Scalability: The strategies and lessons shared in this panel are broadly scalable across museums of all sizes and types. While the case studies focus on academic museums operating within university systems, the challenges (cross-departmental collaboration, balancing institutional priorities, managing complex acquisition workflows, and fostering transparency) are relevant to any organization navigating layered governance or multiple stakeholders. Attendees from small, mid-sized, or large museums can adapt these approaches to their own institutional contexts, whether working with internal teams, external partners, or broader administrative structures.
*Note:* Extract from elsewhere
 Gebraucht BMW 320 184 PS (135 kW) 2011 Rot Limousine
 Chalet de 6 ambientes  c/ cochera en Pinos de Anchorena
By highlighting practical solutions and real-world successes and challenges, the session equips participants with transferable strategies to improve acquisition processes, enhance collaboration, and strengthen stewardship, regardless of institutional scale.

Participants

Ansleigh Herrera (Submitter)
Registrar
Utah Museum of Fine Arts

Salt Lake City, Utah

Ansleigh Herrera is not presenting.

Stacey Kelly (Moderator)
Director of Collections, Conservator
Utah Museum of Fine Arts

Salt Lake City, Utah
stacey.kelly@umfa.utah.edu

Stacey Kelly is not presenting.
(confirmed)

Ansleigh Herrera (Panelist)
Registrar
Utah Museum of Fine Arts

Salt Lake City, Utah
ansleigh.herrera@umfa.utah.edu

(confirmed)

Emily Lawhead (Panelist)
Associate Curator of Modern and Contemporary Art
Utah Museum of Fine Arts

Salt Lake City, Utah
Emily.lawhead@umfa.utah.edu

(confirmed)

JSMA TBD (Panelist)
Curator
Jordan Schnitzer Museum of Art

Eugene, Oregon
tbd

(confirmed)

JSMA TBD (Panelist)
Registrar
Jordan Schnitzer Museum of Art

Eugene, Oregon
tbd

(confirmed)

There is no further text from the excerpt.